▸ **DATASET EXCERPTS**
★ ★ ★ ★ ★
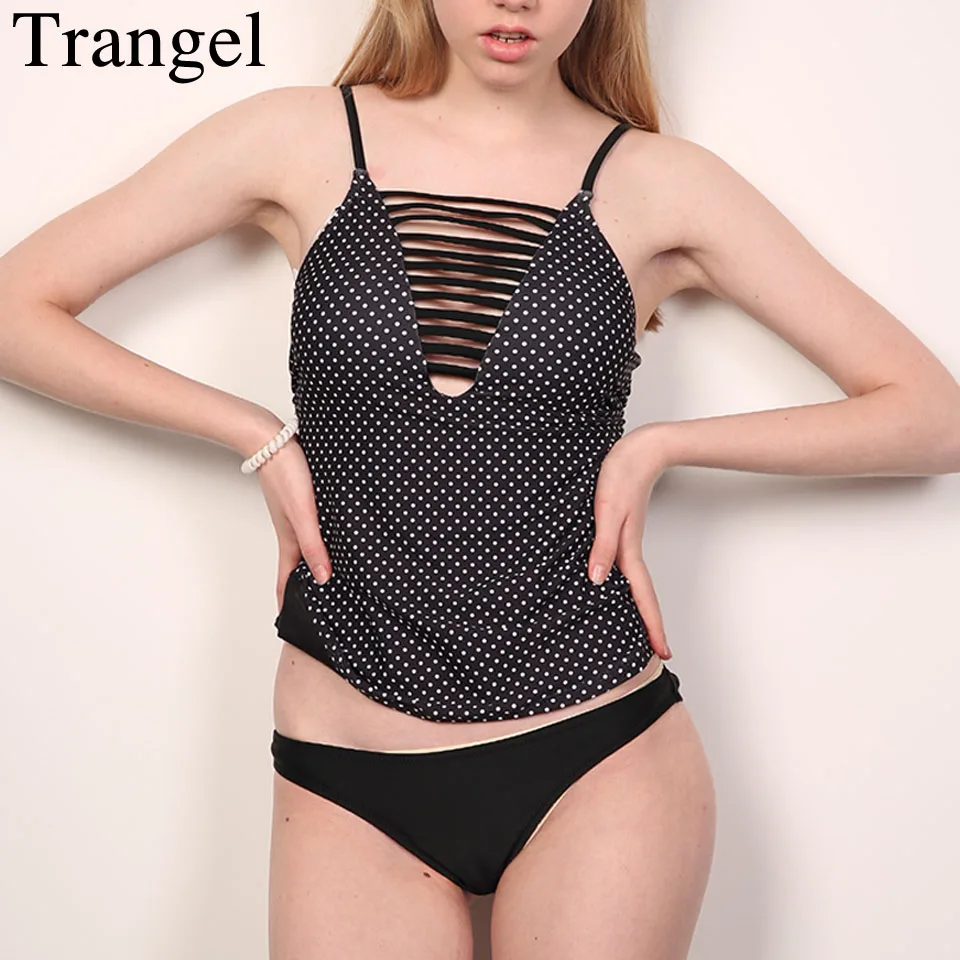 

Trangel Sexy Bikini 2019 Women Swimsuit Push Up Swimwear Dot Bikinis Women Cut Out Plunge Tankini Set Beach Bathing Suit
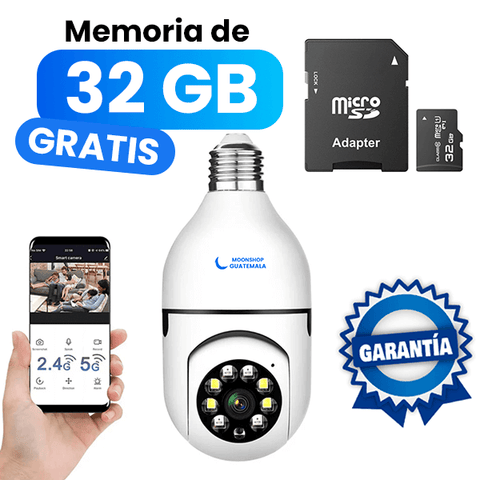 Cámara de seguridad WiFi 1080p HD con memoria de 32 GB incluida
★ ★ ★ ★ ★
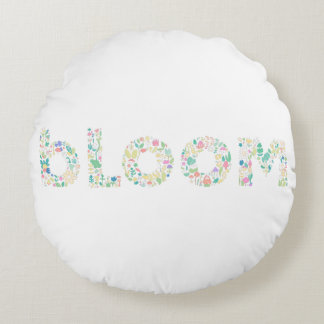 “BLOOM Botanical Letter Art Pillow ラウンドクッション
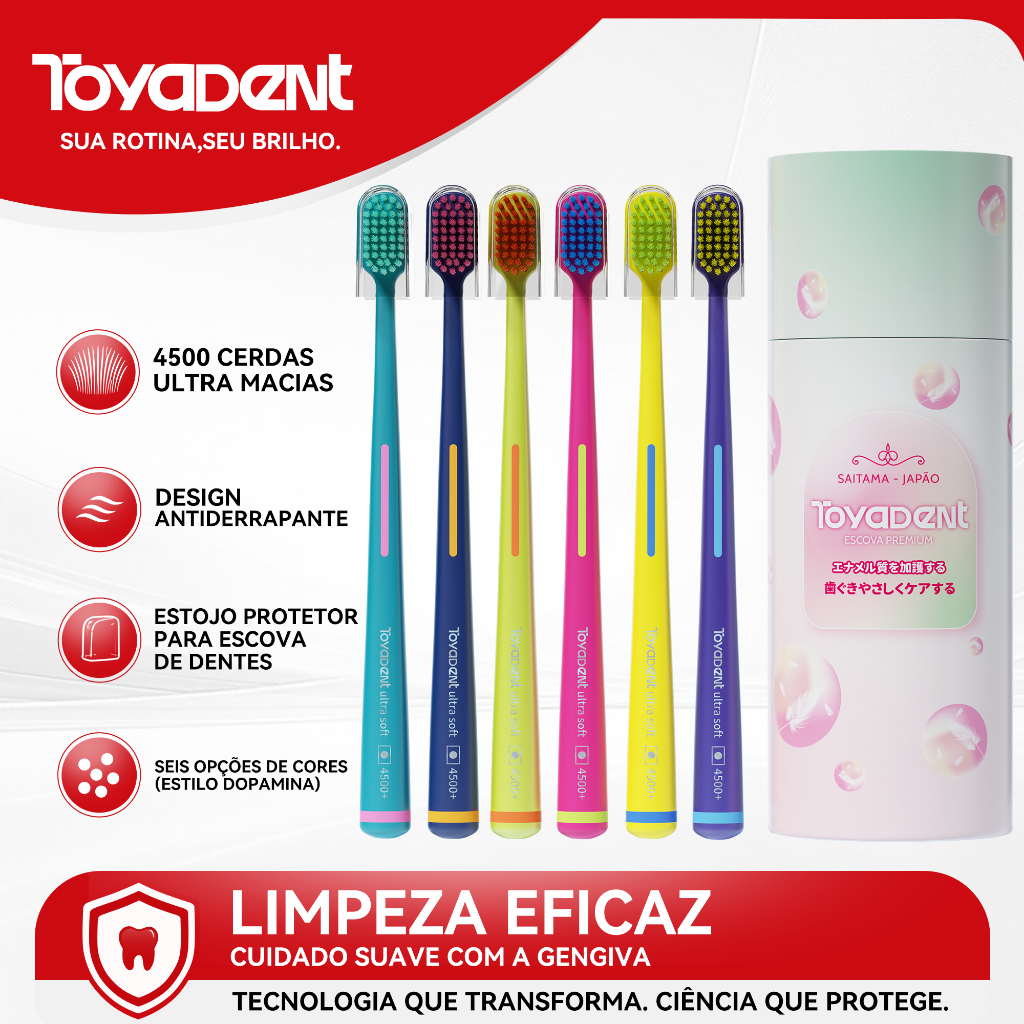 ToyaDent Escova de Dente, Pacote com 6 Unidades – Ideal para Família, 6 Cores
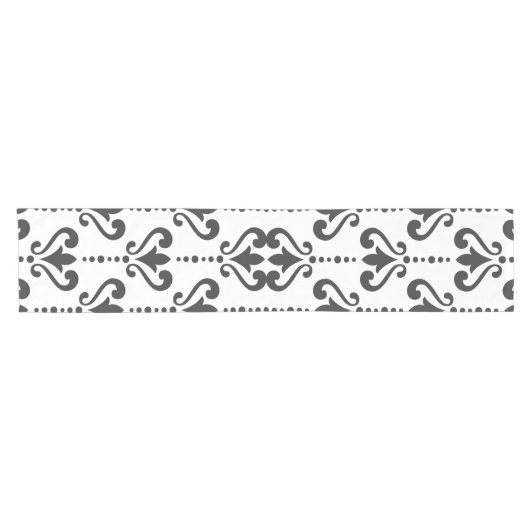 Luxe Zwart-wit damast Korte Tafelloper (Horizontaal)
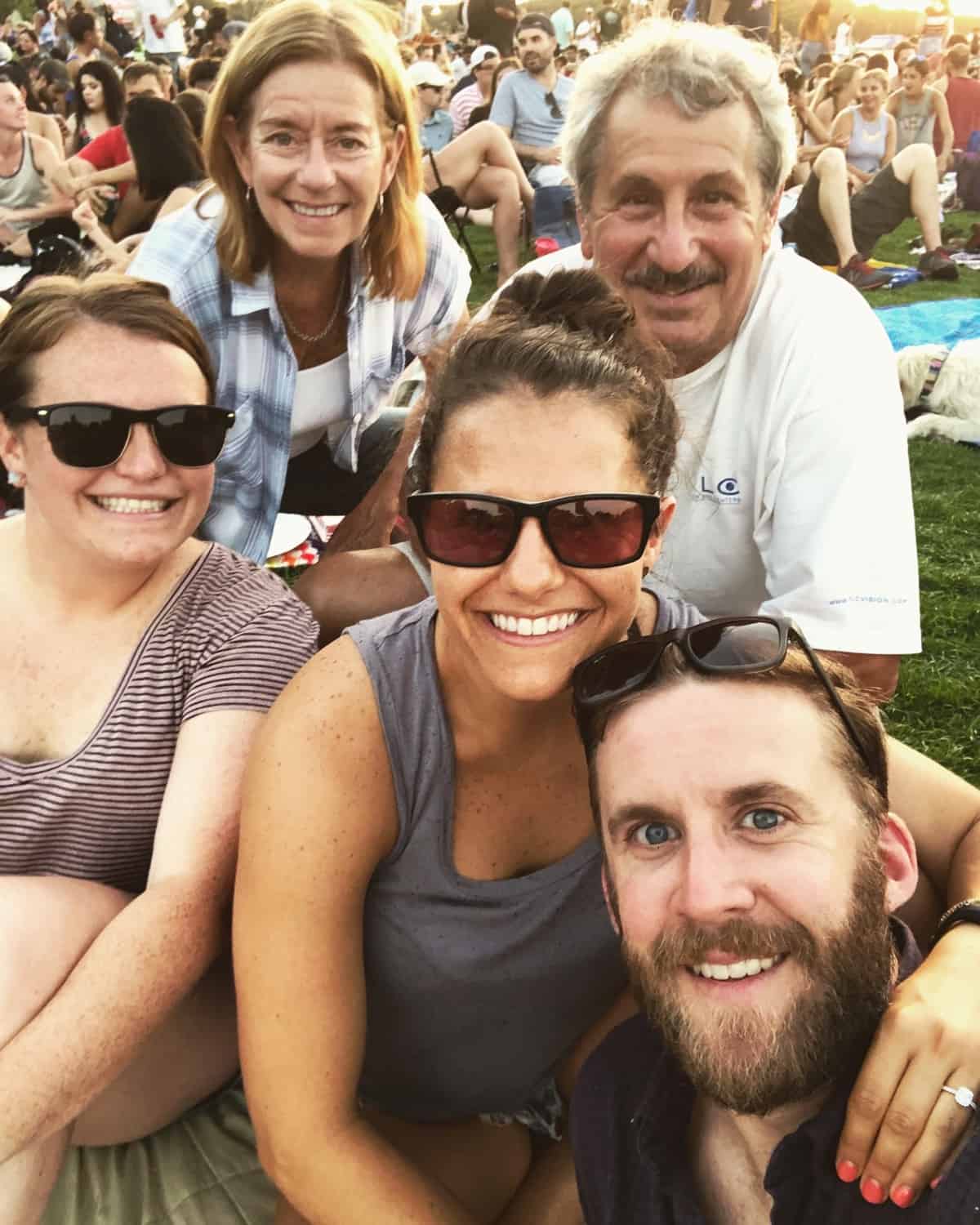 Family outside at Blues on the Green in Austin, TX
★ ★ ★ ★ ★
▸ **PROBLEM REQUIREMENTS**
Go down the entries above from the line containing "Luxe Zwart-wit damast" to the line containing "Family outside at" and write out each line exactly, leaving pictures out.

▸ **SOLUTION TO THE EXERCISE**
 Luxe Zwart-wit damast Korte Tafelloper (Horizontaal)
 Family outside at Blues on the Green in Austin, TX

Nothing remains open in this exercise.